Use this checklist before expecting the 72-hour window:
- The assessment has been completed and assessed by SARS.
- A refund of more than R100 is due.
- Banking details are correct.
- There is no debt or outstanding return.
- No inspection, verification, or audit has been required or started.
If one of those items is not true, the refund may need more time or a specific action.
Example timelines
| Situation | How to think about the timing |
|---|---|
| Assessment complete, no delay flags | Monitor the first few days through official SARS channels. |
| Verification requested after assessment | Wait for SARS to review the supporting information. |
| Audit selected | Treat the timeline as account-specific until SARS completes the audit process. |
| Banking details not accepted | The clock is less useful until the bank-detail issue is resolved. |
| Debt or outstanding returns | The refund may be reduced, offset, or held until the account issue is cleared. |
When does the 72 hours start?
SARS says the 72 hours starts from the time the assessment has been completed and assessed, subject to the listed conditions. That means the timing does not start when you submit a return, when you receive a generic message, or when you first notice a possible refund.
The safest practical step is to check the official refund-status route and confirm whether the assessment is complete and whether SARS shows any follow-up item.
What if the 72 hours passed?
Do not panic and do not use unofficial helpers. Check the common delay pages on this site, then use SARS official channels. Look especially for verification, audit, bank-detail validation, debt, outstanding returns, or a payment status that has not yet reflected at your bank.
If a message says your refund is “stuck” and asks you to click a link, enter bank details, or pay a release fee, compare it with SARS scam guidance before doing anything.
Why people misunderstand the phrase
The 72-hour phrase is easy to remember, so it gets repeated without the conditions around it. That is where many misunderstandings start. A person may submit a return, count three days, and assume SARS missed a deadline even though the assessment is not complete or verification has started.
Another common mistake is to count from an auto-assessment notice without checking whether the bank details are correct and whether the assessment shows a refund due. The right starting point is the completed assessment and the conditions listed by SARS.
Use the phrase as a check, not a guarantee
The best use of the 72-hour wording is as a checklist. If your refund is not moving, ask which condition is missing. Is the assessment complete? Is the refund above the amount SARS mentions? Are banking details correct? Are there outstanding returns or debt? Has SARS started verification, inspection, or audit?

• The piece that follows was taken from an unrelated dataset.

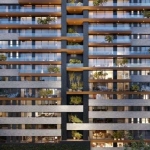 L&amp;#39;Art Planta Tipo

That checklist usually gives a safer next step than a fixed promise. If all conditions appear clear and the refund still does not reflect, use SARS official channels to confirm the account-specific status.
FAQ
Common questions
Is every refund paid within 72 hours?
No. SARS lists conditions that must be met before the 72-hour wording applies.
What if verification starts?
Verification can move the refund out of the simple 72-hour path while SARS reviews information.
Does a refund below R100 follow the same wording?
The SARS 72-hour FAQ refers to a refund of more than R100 being due. Check SARS directly for account-specific treatment.